WHAT THIS TASK INVOLVES:
In the records below, find the line with "Bézs bőr pénztárca", then copy each line exactly until you have copied the line with "Small black cube mini PC with matte finish". Leave any picture out.

INFORMATION SUPPLIED:
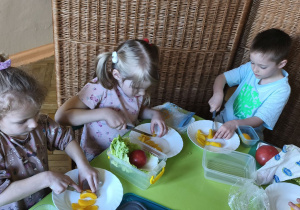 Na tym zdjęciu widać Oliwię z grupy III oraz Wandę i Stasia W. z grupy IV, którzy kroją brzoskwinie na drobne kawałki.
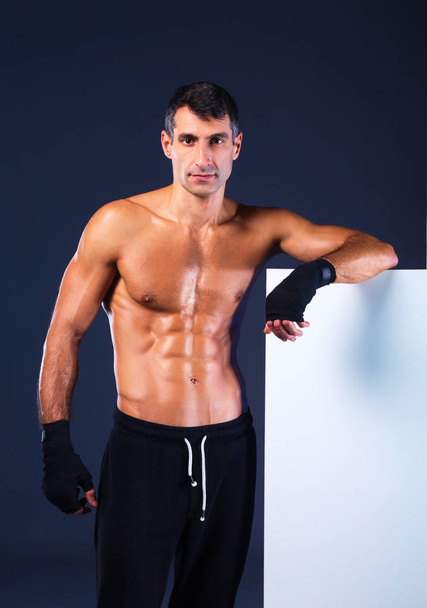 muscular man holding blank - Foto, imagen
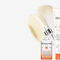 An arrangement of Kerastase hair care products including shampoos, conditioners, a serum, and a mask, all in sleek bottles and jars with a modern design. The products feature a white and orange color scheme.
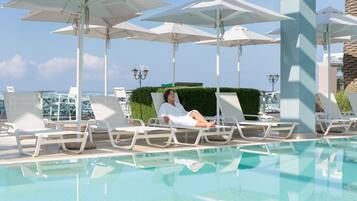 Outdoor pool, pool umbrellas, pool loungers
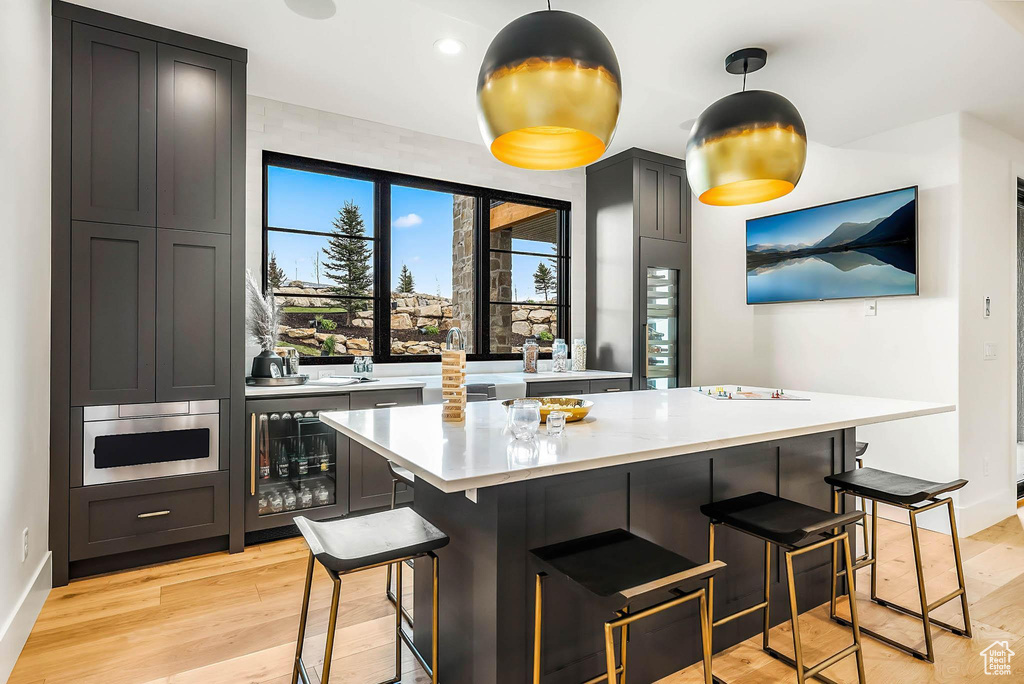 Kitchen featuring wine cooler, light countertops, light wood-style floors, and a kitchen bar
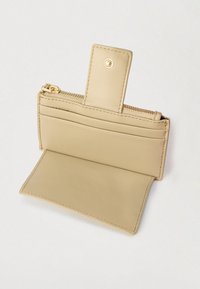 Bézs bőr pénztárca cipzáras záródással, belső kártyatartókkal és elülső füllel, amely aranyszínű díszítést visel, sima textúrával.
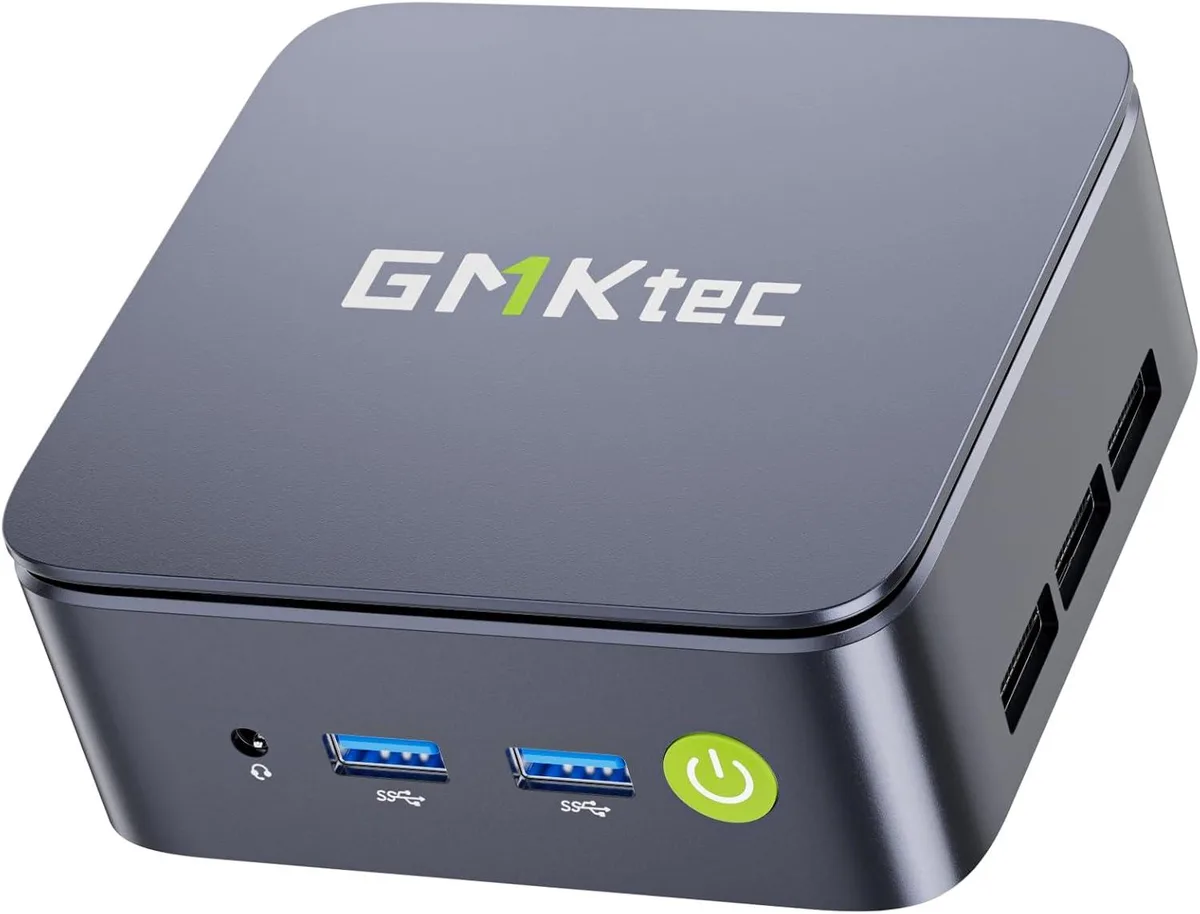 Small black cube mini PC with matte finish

* * *

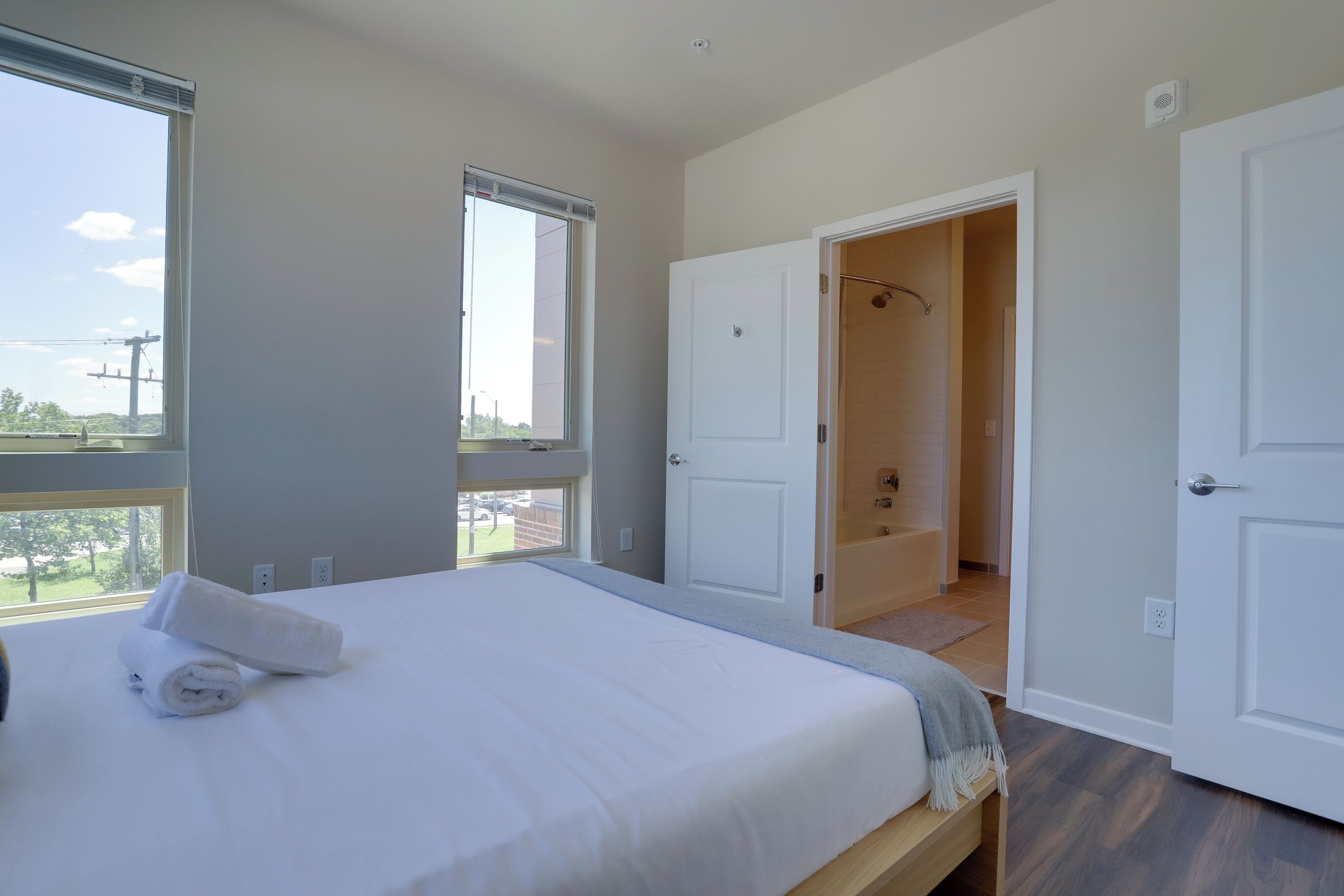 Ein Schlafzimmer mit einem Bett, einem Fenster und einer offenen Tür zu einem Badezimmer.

OUTPUT:
 Bézs bőr pénztárca cipzáras záródással, belső kártyatartókkal és elülső füllel, amely aranyszínű díszítést visel, sima textúrával.
 Small black cube mini PC with matte finish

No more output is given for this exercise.